Is this useful to somebody who is already working on this code?
Or should I attempt to fit it into the actual   taper  code myself?

Deb Baddorf

=
This *should*  handle both the FLUSH case  (all data is available from
the start)   and the on-going AMDUMP case  (data is added as we go).
I may notice more errors but I think I got them all.

To "grok"  the basic algorithm  (ridiculously simple)   ignore
or white out the  "SPIN"  paragraphs which wait for more data to
arrive.
===

stuff = collection of items to be put into knapsack.
   Dumpfiles in this case (includes tarfiles too)
Stuff is probably a doubly(?) linked list.  Operations required:
status = insert(item)
status = remove(ptr)  or maybe remove(item)
ptr = get_largest()
#boolean = is_empty()
boolean = has_data() #opposite sense to   is_empty()
boolean = more_coming()  #somebody elsewhere needs to tell us when no more 
dumps are coming down the pipe

item
number = size(item)
ptr = get_next_smaller()# return item next smaller than self
 (maybe should be a function of the COLLECTION instead of the item, 
for project OO code)
next_ptr #if you use a doubly linked list
prev_ptr #if you use a doubly linked list
string = get_name(item)   ??  for the index,  or some such.  Maybe for 
error message when dump won't fit.

knapsack#(or,  tape!)
number = size_remaining()
status = add(item) # responsible to DELETE from holding disk after 
successful  & from COLLECTION above
make_full()# decree it "full"  when no available items can fit 
in the remaining space
boolean = has_space()# is not yet full


bunch-o-knapsacks   #(or,  how many tapes are available?)
ptr = gimme_one()
boolean = is_more()
==

PACK_ALL_STUFF   #i.e.  start taping
{
mystuff = new stuff()   # filled somewhere else, or here, but before 
algorithm below
allsacks = new bunch-o-knapsacks()  #number comes from   RUNTAPES parameter

yada yada yada
maybe twiddle thumbs till significant data arrives, if holding disk allows


while ( allsacks.is_more()   # stop when we run out of sacks (tapes)
or  (not mystuff.has_data() # or when we run out of data
 and  not mystuff.more_coming() ) )# and know that no more 
is coming
 {
   this_sack = allsacks.gimme_one()

   while ( not mystuff.has_data()  )   #wait for some data to arrive
 {spin
  check "more coming" in case a client dies
 }


   while ( mystuff.has_data()and #there is still data waiting to 
be taped
   this_sack.has_space() ) #the sack (tape) has room left
   {
   #remember, in "timed" version, a bigger one may be added during 
any pass
   #so, we start with biggest each time and add the first that 
will fit
  fill_sack (this_sack, mystuff.get_largest())

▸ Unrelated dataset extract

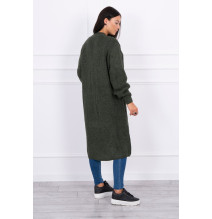 Női kardigán hosszú kardigán MI2019-2 khaki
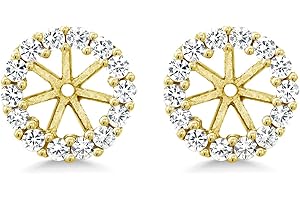 Gem Stone King 18K Yellow Gold Plated Silver Earring Jackets Fits 5MM Round Studs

  while ( not mystuff.has_data()  )   #wait for some more data to arrive
 {spin
  check "more coming" in case a client dies
 }
   }
 }
}
==
fill_sack(sackptr, item_ptr)
{
   if (item_ptr is NULL) #there are no more smaller items
{
sackptr.make_full()  #decree sack (tape) to be full, so we can 
move on to another
return
}

   isize=item_ptr.size();  ssize=sackptr.size_remaining();   #store for 
possible error msg
   #or assign to variable IN the if statement,  but too messy to 
do in psuedo-code here!

   if ( item_ptr.size() <= sackptr.size_remaining() )#if item fits, 
according to sack specs,
 {  #  put it in the sack
status = sackptr.add(item_ptr)# add MUST delete from holding 
disk,  if it finishes successfully
 # add MUST also adjust 
sack's  size_remaining value
  # it writes the INDEX, and does 
other bookkeeping too
  # Also removes ITEM from "stuff" 
list of available dumps to flush

if ( not status)  #  failed -- tape size must've been 
slightly wrong.  That's life.
 {
sackptr.make_full() #  we've already written to EOT so 
can't try another size item
write message "Sack(tape) wasn't as big as " isize + ssize.
write message "May want to correct sack specs  (tapesize)"
 }

 }
   else #find next smaller item and try that one
 {
fill_sack (sackptr, item_ptr.get_next_smaller())
 }

}





Re: tape filling algorithm? (flush, or dump)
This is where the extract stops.